> **Dataset records**:
-.-.-

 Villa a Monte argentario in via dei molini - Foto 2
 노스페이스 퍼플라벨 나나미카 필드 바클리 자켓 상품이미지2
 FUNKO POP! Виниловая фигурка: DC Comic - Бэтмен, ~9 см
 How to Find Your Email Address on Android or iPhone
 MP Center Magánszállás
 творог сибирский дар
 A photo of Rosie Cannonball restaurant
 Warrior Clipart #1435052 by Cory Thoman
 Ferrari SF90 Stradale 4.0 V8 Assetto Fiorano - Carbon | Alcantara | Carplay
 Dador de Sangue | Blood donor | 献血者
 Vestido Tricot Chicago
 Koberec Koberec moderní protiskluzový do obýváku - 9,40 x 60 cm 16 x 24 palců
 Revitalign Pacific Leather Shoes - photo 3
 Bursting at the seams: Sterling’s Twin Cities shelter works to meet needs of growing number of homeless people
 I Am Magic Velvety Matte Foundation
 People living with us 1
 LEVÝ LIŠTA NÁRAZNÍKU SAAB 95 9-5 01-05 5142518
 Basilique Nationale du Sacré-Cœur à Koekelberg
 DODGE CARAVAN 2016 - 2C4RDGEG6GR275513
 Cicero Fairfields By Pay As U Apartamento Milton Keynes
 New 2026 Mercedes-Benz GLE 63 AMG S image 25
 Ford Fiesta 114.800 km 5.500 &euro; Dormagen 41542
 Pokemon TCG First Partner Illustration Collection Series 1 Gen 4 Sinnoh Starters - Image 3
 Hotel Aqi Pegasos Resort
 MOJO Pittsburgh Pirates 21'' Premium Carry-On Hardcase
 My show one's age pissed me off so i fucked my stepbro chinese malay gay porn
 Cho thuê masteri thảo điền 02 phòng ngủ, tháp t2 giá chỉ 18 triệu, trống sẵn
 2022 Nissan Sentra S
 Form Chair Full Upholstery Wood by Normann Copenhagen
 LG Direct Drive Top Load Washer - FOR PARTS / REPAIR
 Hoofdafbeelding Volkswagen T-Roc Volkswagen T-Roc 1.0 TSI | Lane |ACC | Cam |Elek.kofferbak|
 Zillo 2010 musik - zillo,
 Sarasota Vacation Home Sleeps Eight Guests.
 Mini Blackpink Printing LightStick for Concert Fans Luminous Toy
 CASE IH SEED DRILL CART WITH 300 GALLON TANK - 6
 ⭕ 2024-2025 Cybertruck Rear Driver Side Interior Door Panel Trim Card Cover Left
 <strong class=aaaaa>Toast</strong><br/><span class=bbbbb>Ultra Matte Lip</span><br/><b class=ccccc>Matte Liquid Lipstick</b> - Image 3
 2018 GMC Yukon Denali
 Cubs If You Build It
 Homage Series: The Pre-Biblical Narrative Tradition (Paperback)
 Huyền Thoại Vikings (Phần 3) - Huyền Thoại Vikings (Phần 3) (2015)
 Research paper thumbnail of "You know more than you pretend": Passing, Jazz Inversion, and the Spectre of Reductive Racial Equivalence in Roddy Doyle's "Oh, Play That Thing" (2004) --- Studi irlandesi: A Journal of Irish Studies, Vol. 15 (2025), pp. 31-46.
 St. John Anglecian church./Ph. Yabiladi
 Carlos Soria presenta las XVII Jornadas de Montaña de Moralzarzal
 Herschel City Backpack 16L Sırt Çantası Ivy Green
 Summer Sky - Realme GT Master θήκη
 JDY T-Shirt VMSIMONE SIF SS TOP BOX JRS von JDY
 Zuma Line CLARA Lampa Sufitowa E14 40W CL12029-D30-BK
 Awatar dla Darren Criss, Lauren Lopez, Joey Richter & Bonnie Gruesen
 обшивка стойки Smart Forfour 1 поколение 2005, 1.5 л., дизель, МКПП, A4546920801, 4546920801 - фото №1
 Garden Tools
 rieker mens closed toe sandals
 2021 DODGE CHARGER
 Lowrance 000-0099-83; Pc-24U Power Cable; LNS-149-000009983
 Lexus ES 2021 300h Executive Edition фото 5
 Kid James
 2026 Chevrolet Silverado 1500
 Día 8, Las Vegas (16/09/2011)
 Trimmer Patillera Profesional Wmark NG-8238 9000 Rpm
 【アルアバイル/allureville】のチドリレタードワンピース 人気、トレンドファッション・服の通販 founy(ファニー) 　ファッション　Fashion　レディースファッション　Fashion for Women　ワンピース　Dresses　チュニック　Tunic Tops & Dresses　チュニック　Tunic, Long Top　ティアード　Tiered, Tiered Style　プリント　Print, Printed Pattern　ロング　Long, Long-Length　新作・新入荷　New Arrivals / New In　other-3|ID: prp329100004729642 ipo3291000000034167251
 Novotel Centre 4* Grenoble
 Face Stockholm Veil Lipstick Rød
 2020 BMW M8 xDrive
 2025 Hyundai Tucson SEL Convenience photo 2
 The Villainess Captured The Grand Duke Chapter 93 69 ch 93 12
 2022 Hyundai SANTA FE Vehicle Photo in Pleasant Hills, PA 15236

-.-.-

> **Exercise brief**:
Some of the data mentions "Lipstick". Copy every line where it does.

> **Expected answer**:
 <strong class=aaaaa>Toast</strong><br/><span class=bbbbb>Ultra Matte Lip</span><br/><b class=ccccc>Matte Liquid Lipstick</b> - Image 3
 Face Stockholm Veil Lipstick Rød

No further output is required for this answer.